As the 2011 effective date of the new tax rules draws nearer, each remaining fund will need to determine whether the trust structure continues to maximize value for unitholders. As a result there are a number of principal legal issues that arise in the context of an income fund M&A transaction.
Structure
Two structures are typically used for an income fund acquisition. The first is an acquisition of units from unitholders. This is accomplished by the buyer signing a support agreement with the fund and making a public takeover bid to all holders. In the support agreement, the trustees agree to support the bid by recommending the transaction to unitholders.
This structure can be attractive to the fund’s trustees. The documentation is prepared by the bidder with a trustees’ circular prepared by the fund. The change of control that results from the transaction is unlikely to trigger consent requirements under most contracts, and as a result, third-party cooperation is generally not required. Finally, the task of securing unitholder support falls to the acquiror and the transaction requires reduced involvement from the fund or the trustees once it has been announced.
Where more than 90% of unitholders tender to the offer, most declarations of trust will permit the compulsory acquisition of units not tendered following a takeover bid without the necessity of a unitholder meeting. Where more than 66.7% of the units of a fund are tendered to the offer, the bidder will still be able, in most cases, to do a second-step squeeze transaction without the necessity of a unitholder meeting. Where the second-step squeeze transaction can be effected without a meeting, an acquisition by way of takeover bid can generally be completed in about 60 days from the signing of a support agreement (allowing for some time to prepare the circular).

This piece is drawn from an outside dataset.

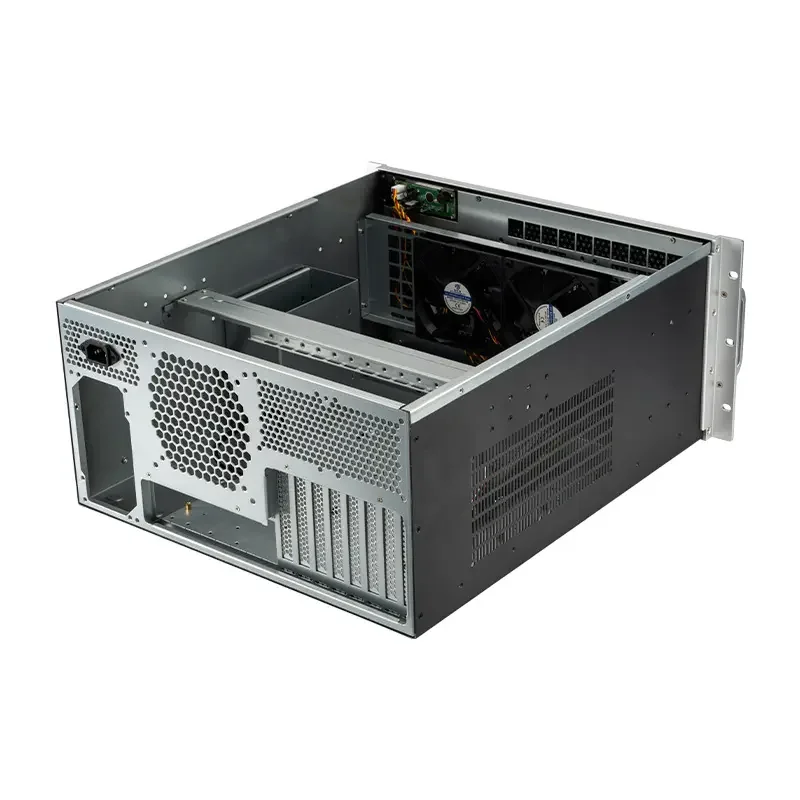 Alibaba.com: WEYI 5u Rackmount ATX Server Case with 2 PSU support and ...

The second structure, and one that can be appealing to buyers, is to purchase the underlying assets of a fund. In the case of the older Fund on Corp. structures, that will mean purchasing the shares and debt of the corporation “beneath” the fund. In the case of the Fund on Fund on LP structures, that will mean purchasing the limited partnership. Following the purchase, the proceeds are distributed to unitholders and the fund is wound up.
To execute the second structure, a unitholder meeting is held to obtain approval (generally by 66.7% of unitholders) for the sale of all or substantially all the assets of the fund. In this structure, the documentation burden falls on the fund, which must prepare and pay the costs of mailing an information circular to the unitholders and holding the meeting. If there is to be a rolldown of assets into a vehicle to be purchased, this could trigger consent requirements under assignment clauses in contracts. Depending on those consent requirements, an acquisition by way of purchasing assets can also generally be completed in about 60 days from the signing of a purchase agreement. If one allows time up front for due diligence and for the negotiation of acquisition documentation (this part of the process is elastic in terms of timing), this means an income fund acquisition is generally a four- to five-month proposition pillar to post (although it will be longer if the upfront period for diligence and negotiation is longer).

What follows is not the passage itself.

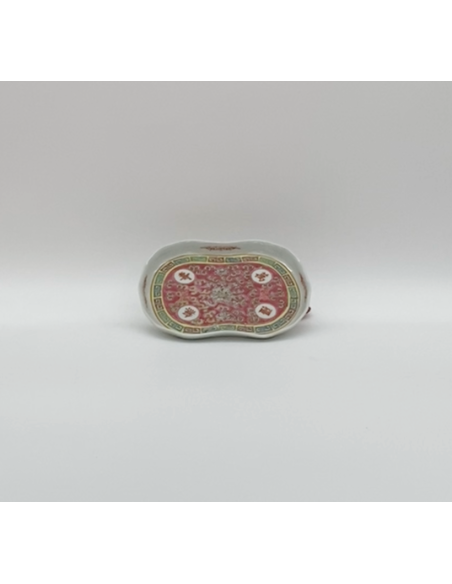 Objet décoratif en porcelaine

The timetables for completing a takeover bid and an asset purchase are similar, especially when the second-step transaction can be completed without a meeting in the case of a takeover bid. Given these factors, the choice of structure will, in most cases, be driven by the buyer’s tax considerations, with factors such as consent requirements being important subsidiary concerns.
Risk allocation
Because trustees will want to resign immediately post-closing and distribute all proceeds received, they will have limited appetite for post-closing obligations. As a result, some of the conventional conditions that might be available on a private M&A deal generally are not workable in the income fund context. For example, holdbacks and earn-outs will be difficult to make work because unitholders expect their cash in one lump sum. Post-closing adjustments, such as working capital adjustments, are also generally not workable for the fund, because once money has been distributed, there is no one with whom to make the adjustment. Although representations and warranties from the operating company may provide disclosure, they are of no risk-allocation value because the buyer will own the entity that has given the representation. All of this puts a premium on comprehensive due diligence that covers the period up to or near closing and drives buyers to price in risks up front.
Deal-protection issues
Deal-protection mechanisms on public M&A transactions balance the buyer’s desire to commit to its transaction against the seller’s duty to be able to respond to superior offers.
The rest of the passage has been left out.